15 computer science collegians looking for a project

Tue Apr 29 12:20:31 EDT 2008

On 29/04/08 17:41 +0200, NoiseEHC wrote:
> On this page
> http://wiki.laptop.org/go/Geode_LX
> I have named some instructions as "Synchronized ops" (in the MMX 
> section). Are those real or did I mismeasured something?

That section is very difficult to understand.  I'm not sure which
operations you have invented this name for.

> If those are 
> real then would somebody from AMD just go through the databook and fix 
> the instruction clock cycle numbers? Because in that case it is sure 
> that they do not match reality and clearly I have better things to do 
> than measuring clock cycles. 

Clearly you must have some basis for assuming that the numbers are
wrong, so you must have done some measurement.  I consulted the
secret documentation that you claim I am withholding from you, 
and the timings there are the same as in the datasheet.  I believe that
you are correct in that these are the clock counts for the instruction to
go through the FPU and don't include the stall time for the pipeline
to clear up.

I am not a silicon designer, so I'm not the final word on if they are
correct or not, but at least that should prove that there isn't a
massive marketing conspiracy to hide the details of the processor
from our customers.  If they are lying to you, they are lying to me,
and they're not lying to me.

> Also the legend is clearly wrong in several 
> cases so probably that would need checking too (like on page 668 note 4 
> talks about 3DNOW ops in the table about FP ops).

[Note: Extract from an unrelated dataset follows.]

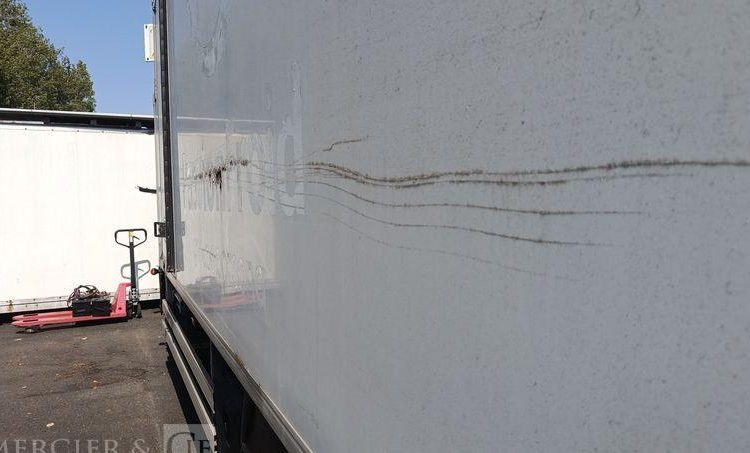 IVECO EUROCARGO 140 E 18 AVEC GROUPE FRIGO EN DESIGNATION – DIESEL – 146078 KMS BLANC CJ-993-DX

That is an mistake - I have let the technical writer know about it.

> absolutely no info about L2 cache miss penalties or mispredicted jumps 
> or about the pipeline stages of the FP unit.

I don't have any information about L2 cache miss penalties, but they 
are easy to calculate. Please see:

http://homepages.cwi.nl/~manegold/Calibrator/

I will talk to somebody about documenting the FP unit pipeline.
It does handle 1 instruction per clock from the integer unit.
In practice we know that two floating point instructions back to
back will stall the IU.  I can also tell you that it is optimized
for single precision, so double precision is handled by microcode
and needs to go through the path again. 

> See, all I would like to have is enough data that when I look at 
> assembly code I could approximately calculate how many clock cycles will 
> be consumed. Nothing more and nothing less.

You have nearly all the information you need, and you can collect the
additional information the same way we do, with careful analysis and
measurement.  In fact, Bernie and Vladimir Makarov have done a lot
of work already in this area, resulting in the Geode specific
code for gcc 4.2.0 and glibc.  Perhaps you can work with them to figure
out the finer details of the FPU scheduling.  I'm sure they would
appreciate it.

Jordan